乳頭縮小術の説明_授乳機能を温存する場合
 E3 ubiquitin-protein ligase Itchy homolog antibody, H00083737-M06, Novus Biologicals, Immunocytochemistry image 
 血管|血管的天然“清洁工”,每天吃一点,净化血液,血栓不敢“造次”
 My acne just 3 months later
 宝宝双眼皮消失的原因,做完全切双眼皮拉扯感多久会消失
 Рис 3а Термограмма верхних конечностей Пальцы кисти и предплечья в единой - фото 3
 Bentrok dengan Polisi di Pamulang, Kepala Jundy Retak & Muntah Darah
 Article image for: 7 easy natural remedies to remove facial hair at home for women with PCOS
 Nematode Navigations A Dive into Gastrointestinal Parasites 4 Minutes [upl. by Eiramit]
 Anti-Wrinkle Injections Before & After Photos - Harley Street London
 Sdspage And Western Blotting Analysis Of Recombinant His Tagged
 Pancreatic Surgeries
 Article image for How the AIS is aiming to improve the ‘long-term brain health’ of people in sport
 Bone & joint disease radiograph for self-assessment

========

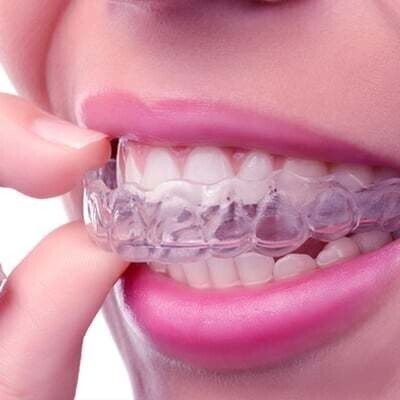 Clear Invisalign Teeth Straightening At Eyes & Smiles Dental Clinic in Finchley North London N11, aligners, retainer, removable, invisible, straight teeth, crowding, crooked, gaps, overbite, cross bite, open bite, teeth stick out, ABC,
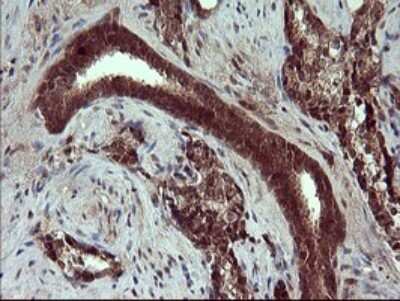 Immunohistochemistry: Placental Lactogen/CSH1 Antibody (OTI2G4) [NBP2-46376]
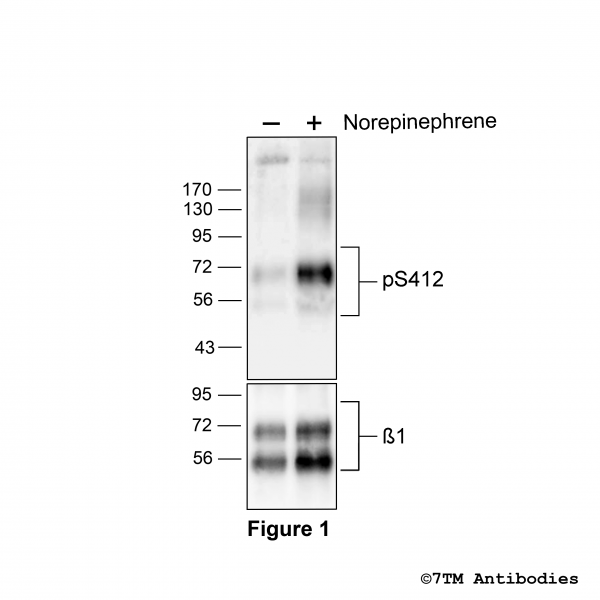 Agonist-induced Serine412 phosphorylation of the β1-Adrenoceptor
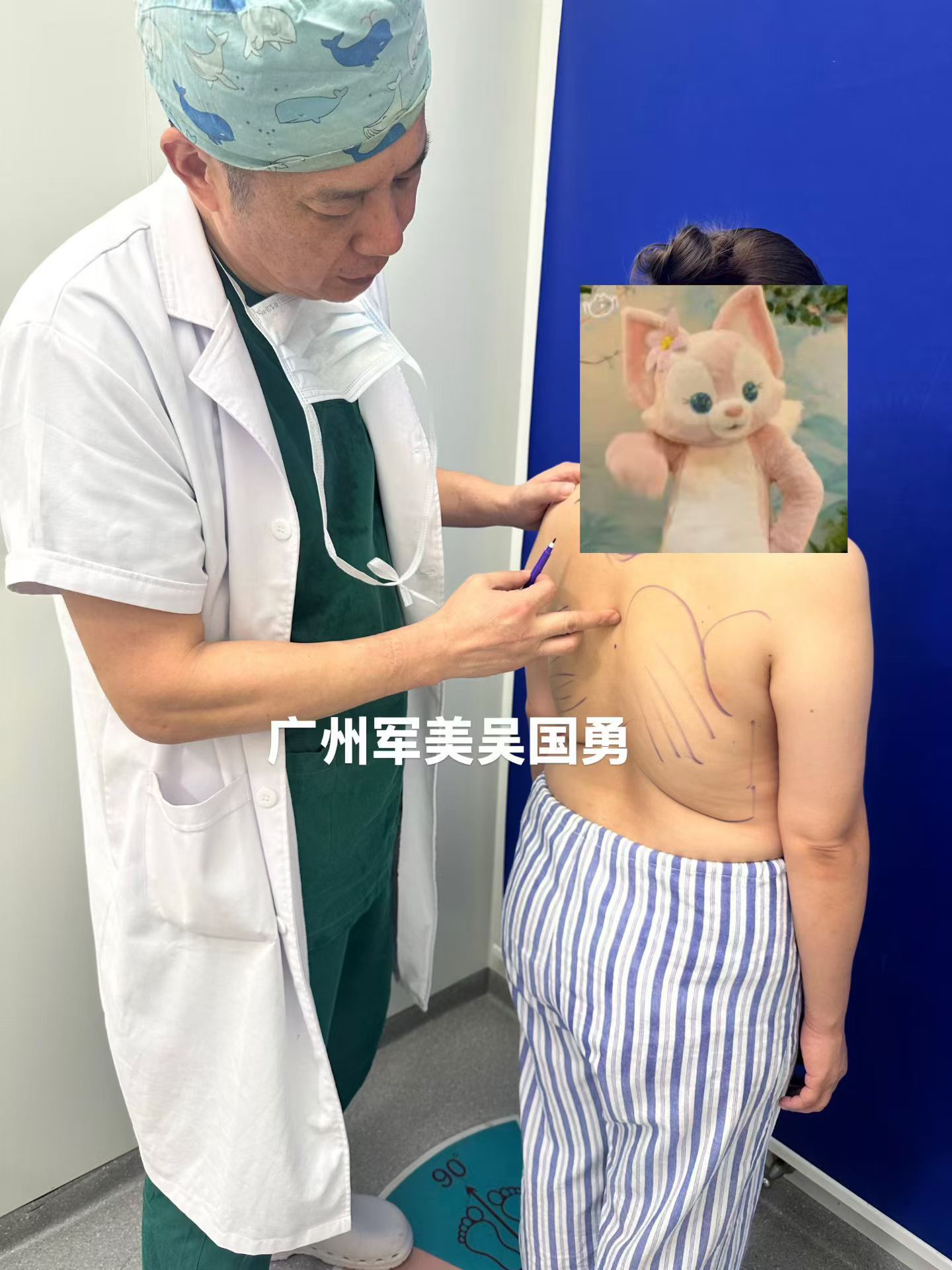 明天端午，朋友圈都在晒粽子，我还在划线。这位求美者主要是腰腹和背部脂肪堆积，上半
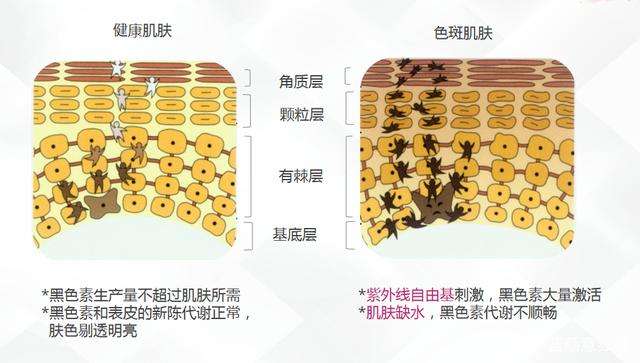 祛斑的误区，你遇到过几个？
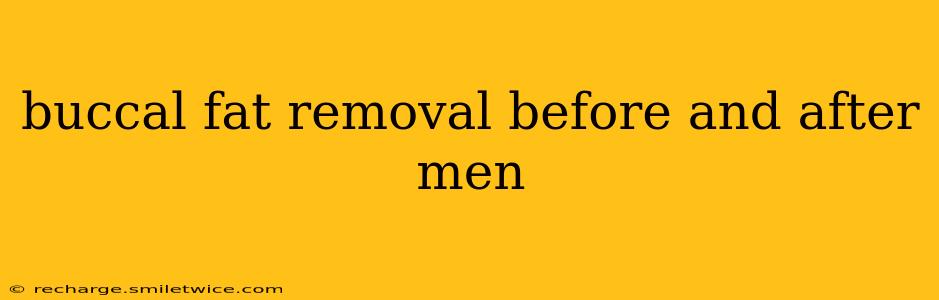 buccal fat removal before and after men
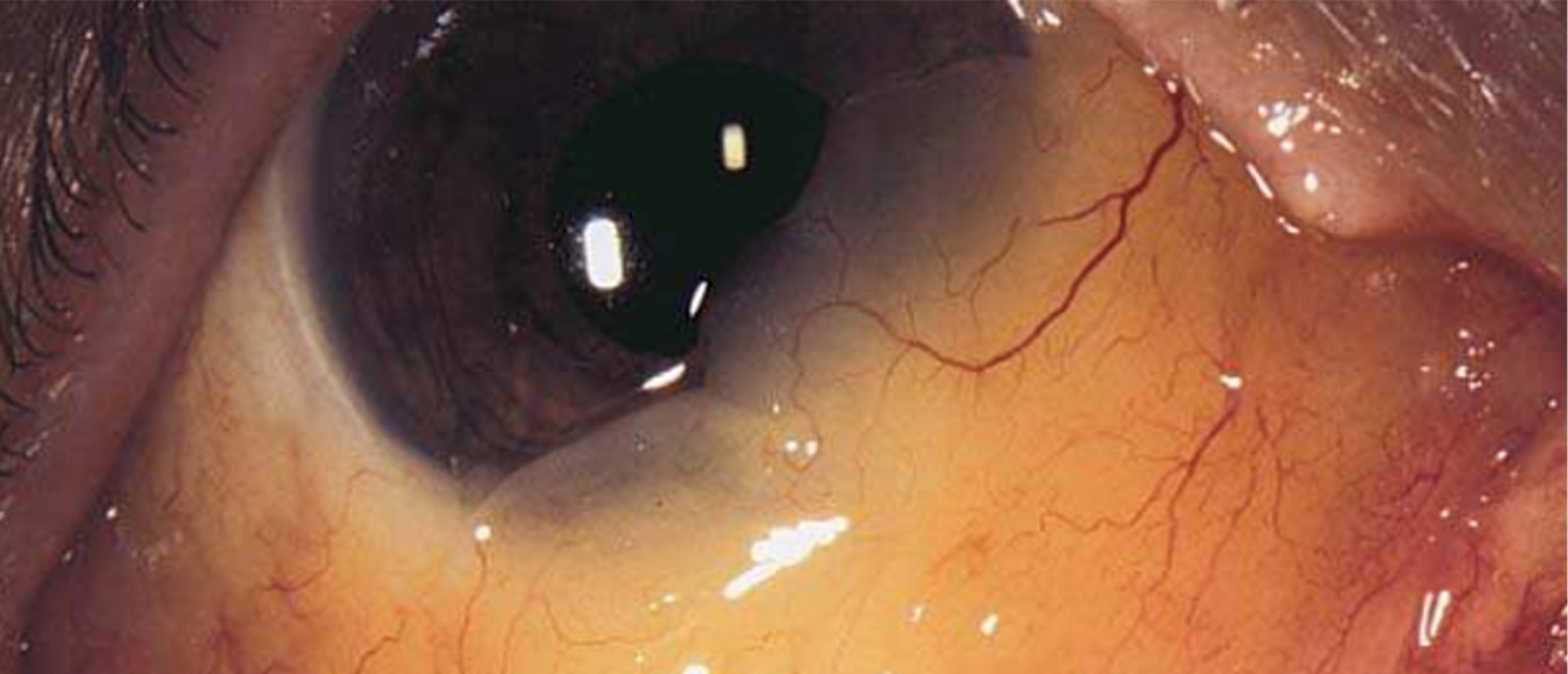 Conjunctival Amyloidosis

========

To do:
Everything above from the line containing "My acne just 3 months later" through the line containing "Bone & joint" must be copied exactly. Nothing outside that range belongs in the answer.

Answer space:
 My acne just 3 months later
 宝宝双眼皮消失的原因,做完全切双眼皮拉扯感多久会消失
 Рис 3а Термограмма верхних конечностей Пальцы кисти и предплечья в единой - фото 3
 Bentrok dengan Polisi di Pamulang, Kepala Jundy Retak & Muntah Darah
 Article image for: 7 easy natural remedies to remove facial hair at home for women with PCOS
 Nematode Navigations A Dive into Gastrointestinal Parasites 4 Minutes [upl. by Eiramit]
 Anti-Wrinkle Injections Before & After Photos - Harley Street London
 Sdspage And Western Blotting Analysis Of Recombinant His Tagged
 Pancreatic Surgeries
 Article image for How the AIS is aiming to improve the ‘long-term brain health’ of people in sport
 Bone & joint disease radiograph for self-assessment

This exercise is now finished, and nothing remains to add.